The software uses sensors – including a phone’s camera, microphone, gyroscope and accelerometer – to detect intruders tampering with someone’s possessions.
It is open source, meaning its code can be inspected.
It is designed to be used on a “second” smartphone that can be left with the possessions a user wishes to monitor.
The app was created as a joint venture between The Guardian Project and Freedom of the Press Foundation, of which Edward Snowden is board president.
“Imagine you are a journalist working in a hostile foreign country and you are worried about security services breaking into your hotel room and rifling through your belongings and computer while you are away,” reads the press release.
“Haven detects changes in the environment using the sensors in a typical smartphone to alert you if anyone enters your space or attempts to tamper with your devices while you aren’t there.”

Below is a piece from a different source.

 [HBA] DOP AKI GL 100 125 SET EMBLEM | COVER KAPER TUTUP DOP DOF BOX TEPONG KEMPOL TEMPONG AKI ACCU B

The app then sends encrypted alerts to the user’s primary phone, allowing them to monitor the activity via a server on the dark web, known as Tor Onion.
It does not transmit information that third parties can access unless the user has SMS functionality turned on, which they can do for situations in which they would not otherwise be able to receive data.
The organisations behind the app have set up a donation page for those wishing to support its further development.
Former National Security Agency (NSA) contractor Mr Snowden has lived in exile in Moscow since 2013, after he leaked details of extensive internet and phone surveillance by US intelligence agencies.
In an interview about the new app, he told Wired magazine: “If you’re the secret police making people disappear, Haven changes the calculus of risk you have to go through.”
“You have to worry that every possible cell phone might be a witness.”
Some members of the public have questioned whether the app can be trusted given Mr Snowden’s involvement.
Wired tested the app itself and reported that it was extremely sensitive to movement.
It said that leaving the phone on top of a computer with a moving fan inside had created hundreds of alerts.